Perché speranze e parole sono forse solo gli unici “anelli che tengono” – per ribaltare in positivo Montale – focalizzandosi su una “tenuta” ontologica della parola poetica che raccoglie, come una grande arca di Noè, i desideri e le illusioni umane.
Tanto maggiore è il valore di fondamento e di baluardo nei confronti del nulla incombente, che la poesia, nella panoramica presentata, assume la valenza di un viatico di sopravvivenza in un mondo in cui “si procede verso un nulla indistinto” (per Luca Raul Martini, 2018) o, quanto meno, in alcuni casi, “di testimonianza terminale” (per Evaristo Seghetta Andreoli, 2020) o “al limite dell’abisso”, “quando la mente è ormai preda della vertigine finale” (per Antonio Spagnuolo, 2020). Tema, questo, del nulla, poetico ma non meno filosofico, che Manzoni scandaglia con particolare delicatezza e vicinanza discreta agli autori, pur nella asciutta ed obiettiva registrazione di tali dolorosi assunti: “In sintesi ogni creatura è puro nulla, senza fine” (per Paolo Ferrari, 2016), “l’uomo sembra non avere scampo, immerso nell’abisso del nulla” (per Massimo Pedretta, 2016), “si procede verso un nulla indistinto” (per Luca Raul Martini, 2018), si diventa un nulla in sola solitudine (per Federico Pinzetta, 2012).

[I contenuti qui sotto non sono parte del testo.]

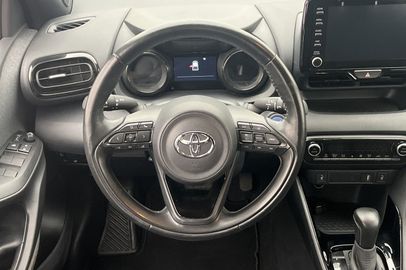 Car image 14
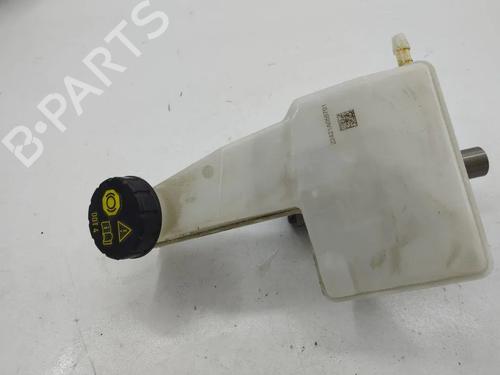 Used Brake master cylinder Brake master cylinder 33643022 33643022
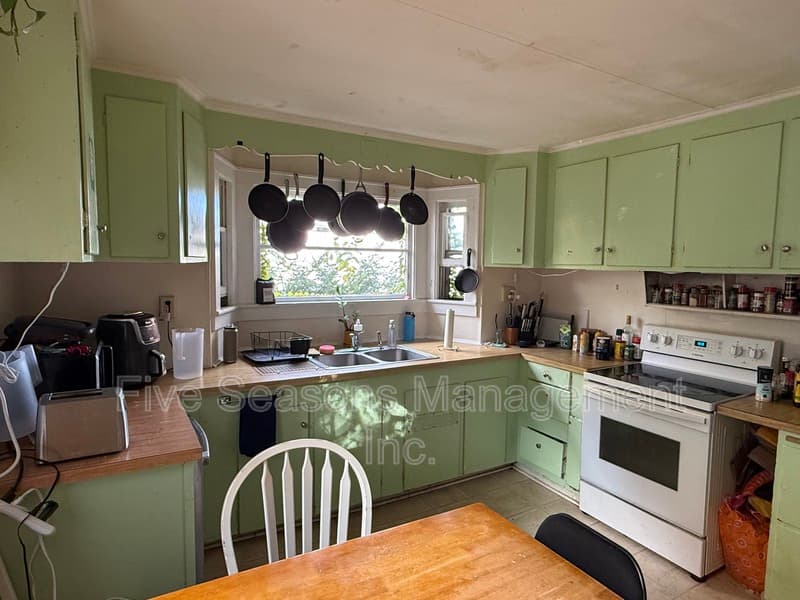 Burlington Condo: 14 Dans Court - 14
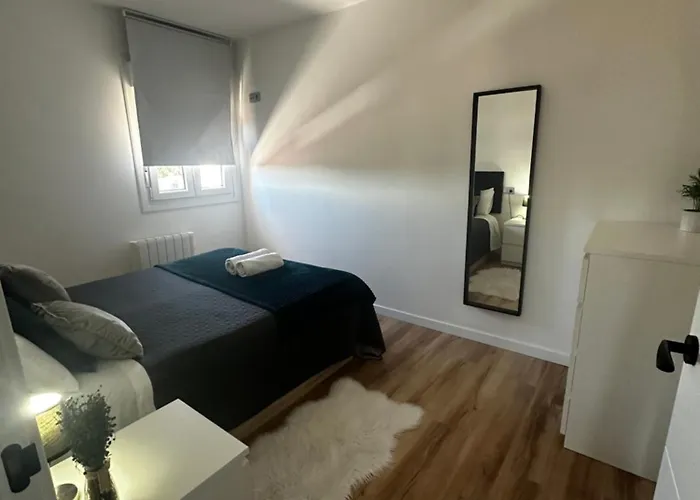 Con Piscina En El Centro De Sanxenxo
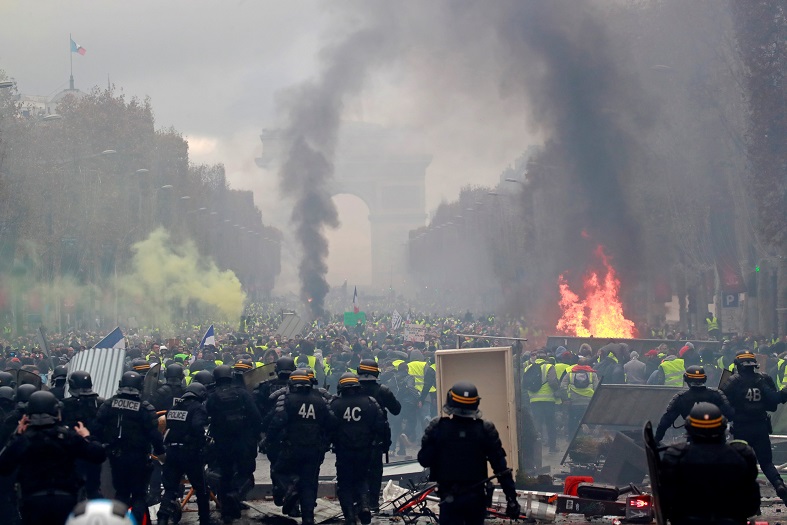 السلطات الفرنسية تشدد موقفها ضد المحتجين 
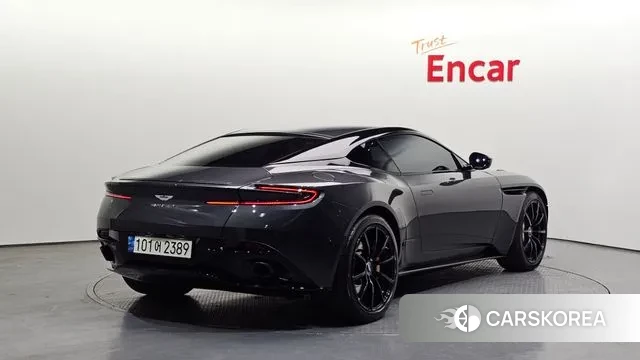 Aston Martin DB11 id 3587621 из Кореи 12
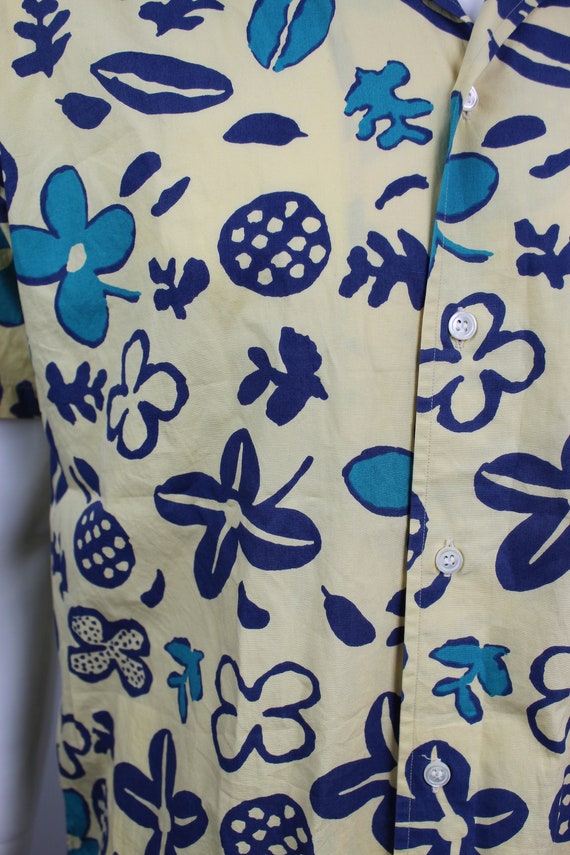 90s Y2K Beige and Blue Hawaiian Print Shirt/ Bota… - image 2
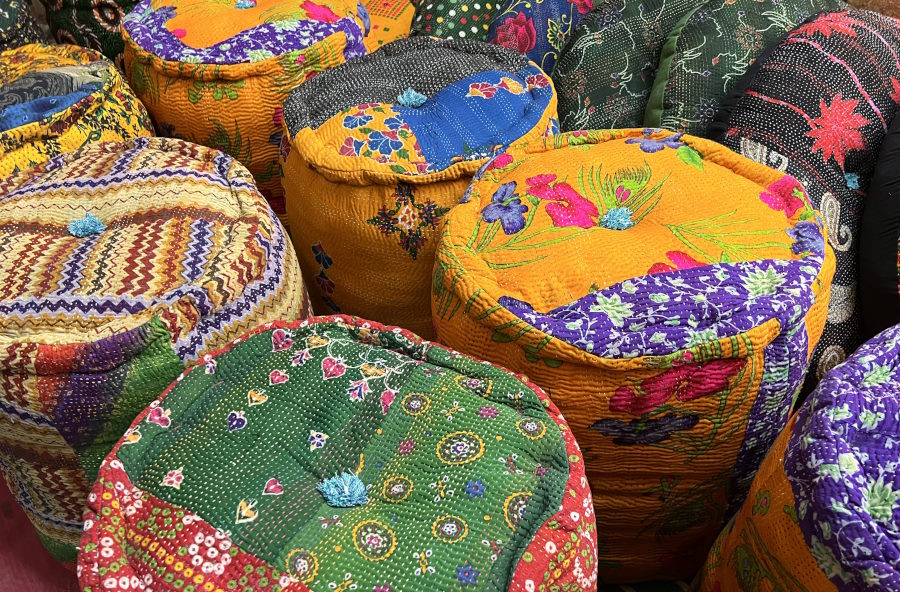 Pouf en tissu Gudri 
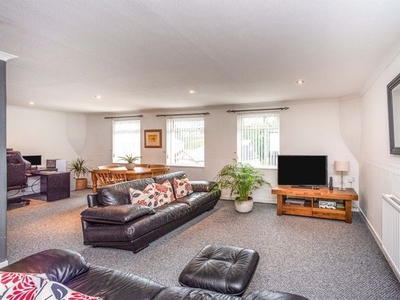 Flat for sale in Kimberley Terrace, Llanishen, Cardiff CF14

Ancora una volta molteplice si mostra la qualità della parola, dalle sue possibilità di sondare il metafisico, di protendersi verso il sacro e il divino, a quella di essere depositaria della memoria, dono di quella dea greca Mnemosyne, che ci sigilla come umani in quanto esula dal tempo cronologico e consente di travalicarne i limiti, sia in senso individuale che collettivo. Il sistema memoriale si rivela più che mai centrale anche in poesia, anche quando se ne lamenta il naufragio: “la memoria potrebbe resistere anche in quell’oltre atteso e incomprensibile” (per Elena Salibra, 2015), “radiografia dell’anima sul filo della memoria” (per Adriana Libretti, 2019), “non resta che affidarsi alla memoria per reagire con speranza al degrado etico della società contemporanea” (per Pasquale Di Palmo, 2020), “la forza archeologica dei ricordi” (per Stefano Pini, 2020), “la memoria è una spia lucente a cui attingere” (per Alida Airaghi, 2022), “il domani non deve divenire un ricordo inesistente. Necessita allora fare nodi al fazzoletto, dimenticare i sogni, nutrire la memoria” (per Maurizio Gavinelli, 2024).

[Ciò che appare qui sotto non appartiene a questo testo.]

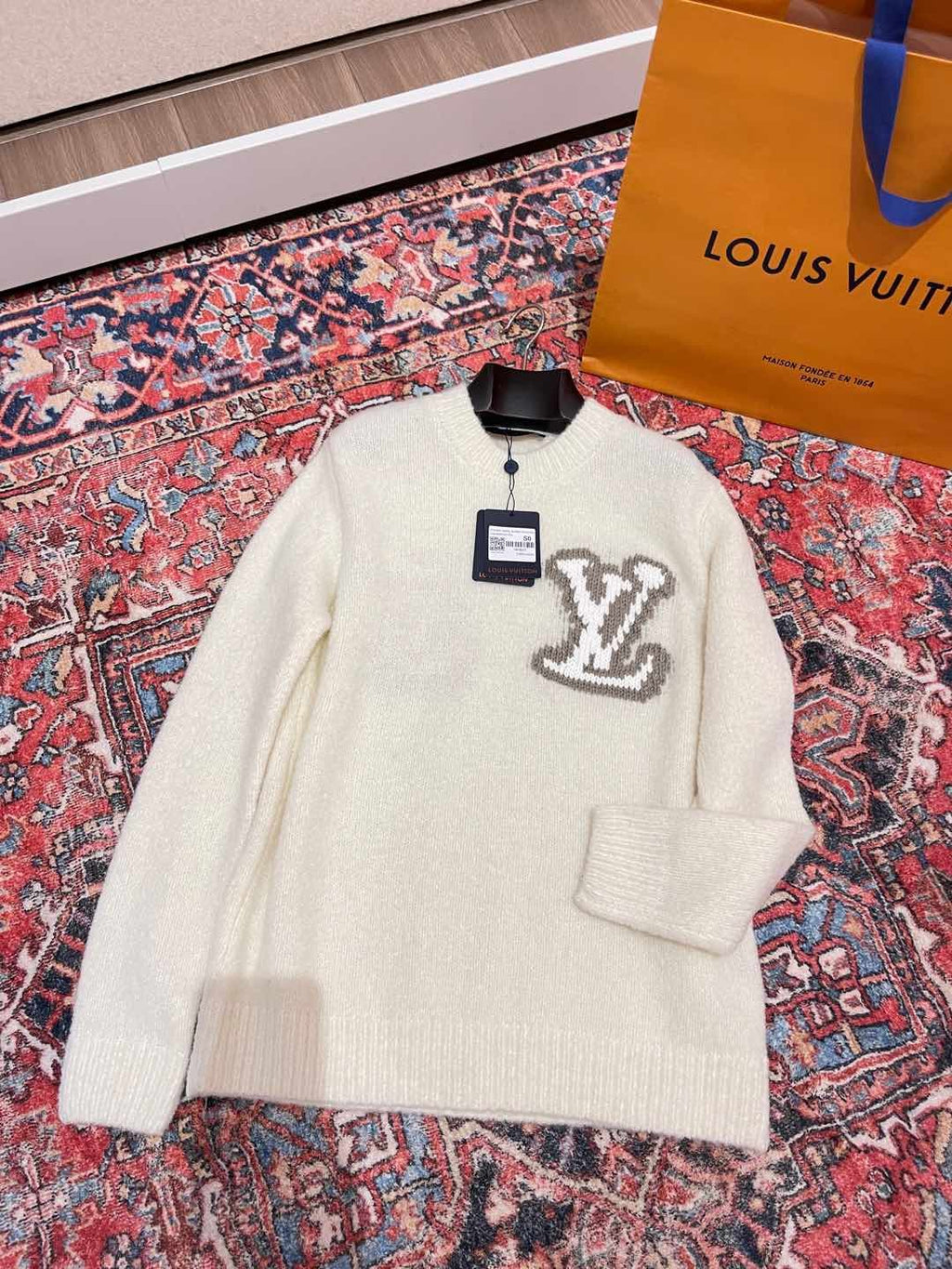 Louis Vuitton Women's Spring and Autumn Solid Color Letter Applique Crew Neck Knitted Sweater #75121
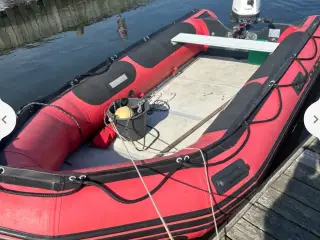 Gummibåd med trailer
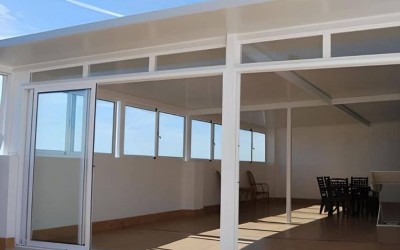 Thi công panel sân thượng khu đô thị có bền không? Nên chọn loại panel nào phù hợp?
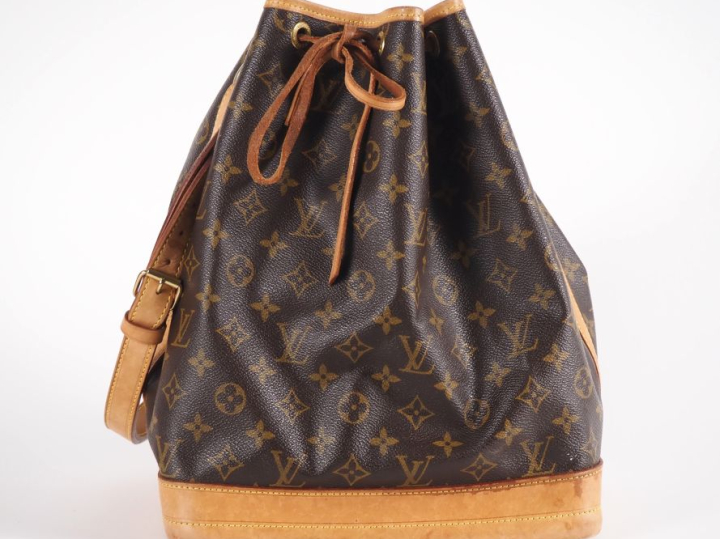 Louis VUITTON, Paris Sac en toile monogrammée, modèle Noé. Signé. H. 3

Del suo valore fondativo leggiamo: “la parola è il principio dei sensi, memoria e tormento, pensiero che esamina la realtà nel suo folle perpetuo divenire” (per Antonio Bux, 2024).
Questo conferire sostanza ontologica, calore e pensiero all’operazione mnestico-poetica, si staglia con cristallina evidenza nelle istantanee critiche del libro, ad indicarne un loro compito umanamente deontologico.

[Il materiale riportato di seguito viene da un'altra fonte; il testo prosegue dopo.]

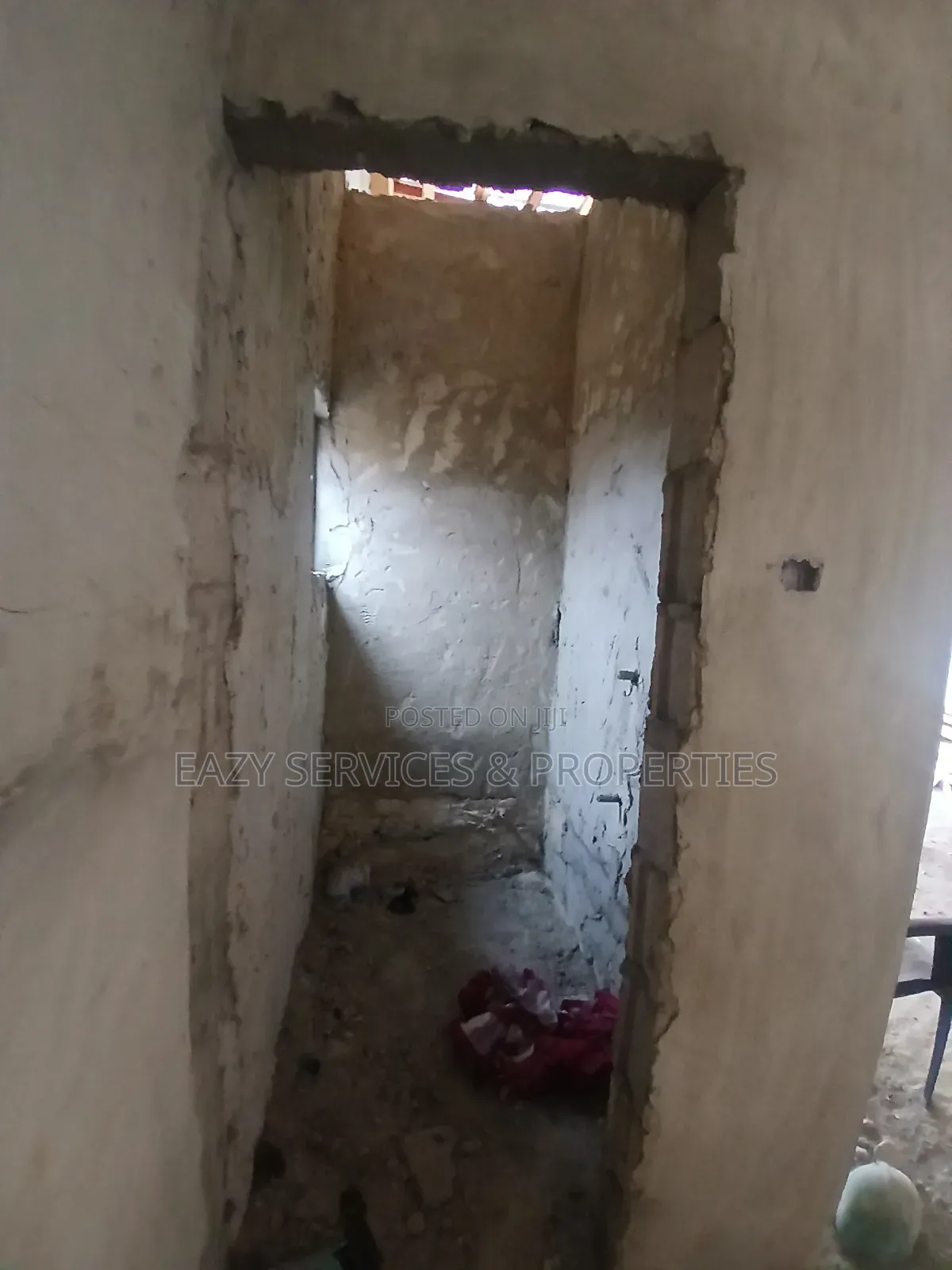 Commercial Spaces With 2toilets, Admin Office Prepaid Meter at Ajah in Ado / Ajah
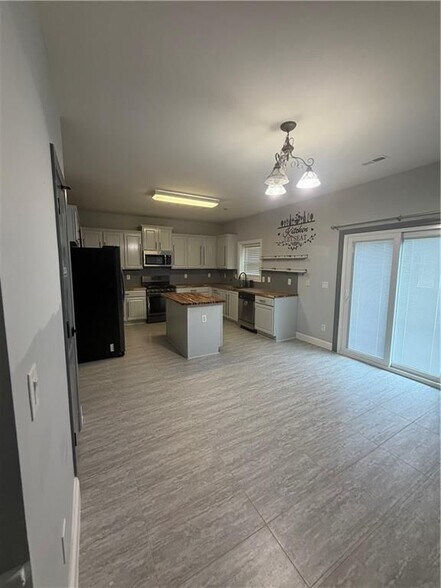 Building Photo - 3513 Aberdeen Way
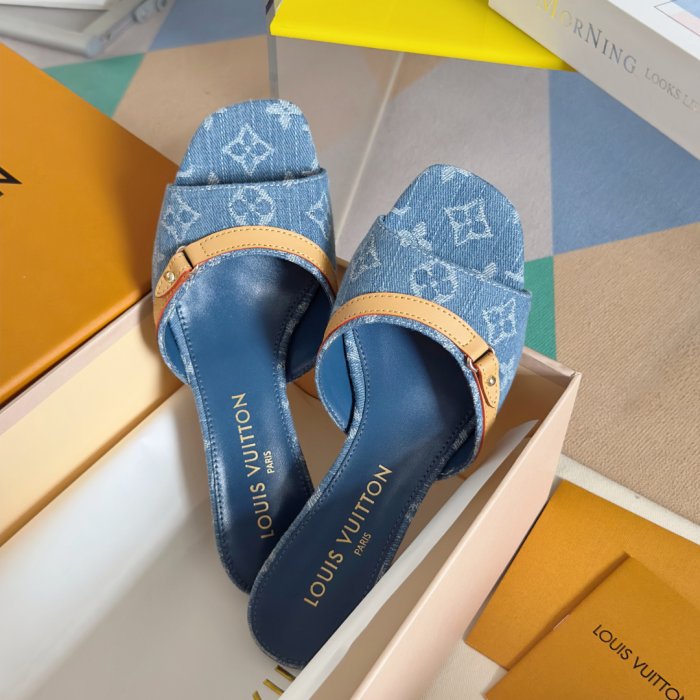 Босоножки фото 6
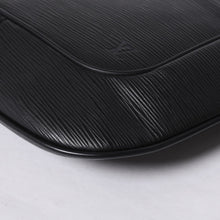 画像をギャラリービューアに読み込む, 極美品 LOUIS VUITTON ルイヴィトン マッツィー ワンショルダーバッグ ハンドバッグ M58972 エピ ブラック 中古 4a000810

Pure il tema della rinascita, con quelle ali che solo la poesia e l’arte possono prestare, scorre nelle tante testimonianze e Manzoni non manca di coglierle e di amplificarle, per quel messaggio di speranza che si annida, come luminosa possibilità e incancellabile desiderio, anche nella più desolata delle visioni.
Come nella poetessa Sveva Bonura: “non resta che affidarsi al desiderio di rinascere, tra illusioni e frammenti di speranza” (2022), “la speranza della carne è attendere il tempo di rinascere e palpitare ancora di luce” (per Giuditta Guliano, 2023), “dalla sofferenza estrema alla volontà di rinascere” (per Arianna Galli, 2022), “l’inesausta e fertile voglia di rigenerarsi” (per Daniela Stasi, 2024).
Custode delle speranze e delle disillusioni, segretario – nel senso etimologico del termine di custode dei segreti poetici – Franco Manzoni ha esplorato, con brevi pennellate ermeneutiche, centinaia di libri di poesia (ma non mancano numerose e pregnanti considerazioni anche su opere narrative e saggistiche), sempre fedele a un rispetto e a una autenticità di sguardo profondamente democratici verso le personalità più diverse, ponendo tutti e lui stesso alla guida di una “storica” e mitica processione di tedofori a celebrare la fiaccola sacra della Parola, perché sia ancora dispensatrice di luce di intelligenza e di anima in questo primo quarto del nostro tormentato terzo millennio.